Sunday, May 01, 2005

so many thoughts

So when you find someone that you seem to really like, and yet you don't let yourself really ever like them. It just makes sense that it will never happen, so why even put forth the energy? Especially when 1500 miles are involved. That's a no-brainer.

I met a friend for brunch this morning. The weather was warm, yet cool in the shade. The sky was a friendly blue with wisps of white clouds. The hills on the horizon were beautiful despite the brown. Living in the desert can be wonderful at times.
The energy in the cafe was lively. It seemed to make even biochemistry somewhat interesting. I watched the people through biochemistry text until I saw a familiar outline in line. They didn't have pancakes. They are always out of pancakes. But the quiche was really good.
But the conversation was beautiful. We let words weave tapestries that mused of the good times we shared. We colored on a canvas of memory, and speculated with sound.
I feel so good around her. She believes in me. I never feel I have anything to prove or am being compared to others. Friendship is unique between every individual. It is impossible to feel a friendship for one person and feel the exact same for another. There are so many differences in my relations with others.
I ask about her life. She tells me all is good. I know there is a hard shell that conceals much. But I know it is not my place to get under. I know that I must be allowed in. I have seen glimpses and pieces of what lies beneath. A soul as infinite as the distance starlight travels.
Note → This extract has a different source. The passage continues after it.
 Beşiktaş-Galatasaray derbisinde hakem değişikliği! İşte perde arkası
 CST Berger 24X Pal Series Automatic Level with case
So did you tell them? How do you feel? How did they react? Did you or didn't you? Gosh I wish you the best. But they are his parents and he said that they would still love him. I don't see them as getting the least upset. But I only know them through few pictures and some words. He always speaks so highly of them. I just want to hear your story when you want to tell me. But if you don't tell me, like tomorrow if you did or not, I'll call. ;)

I still think that it would be impossible for us to work out. But I am allowing myself to just live in a world of fantasy for now. Right now we will live happily ever after.